The most import feature distinguishing reinforcement learning from other types of learning is that it uses training information that evaluates the actions taken rather than instructs by giving correct actions. This is what creates the need for active exploration, for an explicit trail-and-error search for good behavior. Purely evaluative feedback indicates how good the action taken is, but not whether it is the best or the worst action possible. Purely instructive feedback, on the other hand, indicates the correct action to take, independently of the action actually taken. This kind of feedback is the basis of supervised learning, which includes large parts of pattern classification, artificial neural networks, and system identification. In their pure forms, these two kinds of feedback are quite distinct: evaluative feedback depends entirely on the action taken, whereas instructive feedback is independent of the action taken. There are also interesting intermediate cases in which evaluation and instruction blend together.

增强学习有别于其他类的学习方式，它使用训练数据不但能够给出正确的行为指令，而且能够评价该行为（采用该行为的奖励、收益）。由此产生了通过显式搜索有利行为的主动的探索需求。单纯的评价式反馈指明了若采取某一行为，则产生的收益是多少，而不是仅仅判断这个行为是最好的活最差的。从另一个角度来讲，单纯的指示型反馈仅指明应该采取的正确行为，与实际采取的行为无关。这种反馈是有监督学习的基础。这两种反馈是完全不同的：评价式反馈完全依赖于已经采取的行为，而指示型反馈独立于实际采取的行为。也有一些处于两者之间的例子。

In this chapter we study the evaluative aspect of reinforcement learning in a simplified setting, one that does not involve learning to act in more than one situation.
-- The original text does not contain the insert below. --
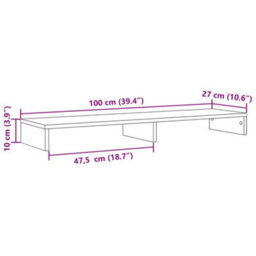 Walplus Monitor Stand Grey Sonoma 100X27X10 Cm Engineered Wood - thumbnail 9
This nonassociative setting is the one in which most prior work involving evaluative feedback has been done, and it avoids much of the complexity of the full reinforcement learning problem. Studying this case will enable us to see most clearly how evaluative feedback differs from, and yet can be combined with instructive feedback.

本章研究增强学习在简化场景下的评价方面，所谓简化场景也就是说不涉及多个学习场景。这种非关联场景已有许多相关工作涉及到评价式反馈，但是比完全的增强学习问题要简单。学习这些例子有助于我们理解评价式反馈，以及与之相结合的指示型反馈。

The particular nonassociative, evaluative feedback problem that we explore is a simple version of the k-armed bandit problem. We can use this problem to introduce a number of basic learning methods which we extend in later chapters to apply to the full reinforcement learning problem. At the end of this chapter, we take a step closer to the full reinforcement learning problem by discussing what happens when the bandit problem becomes associative, that is, when actions are taken in more than one situation.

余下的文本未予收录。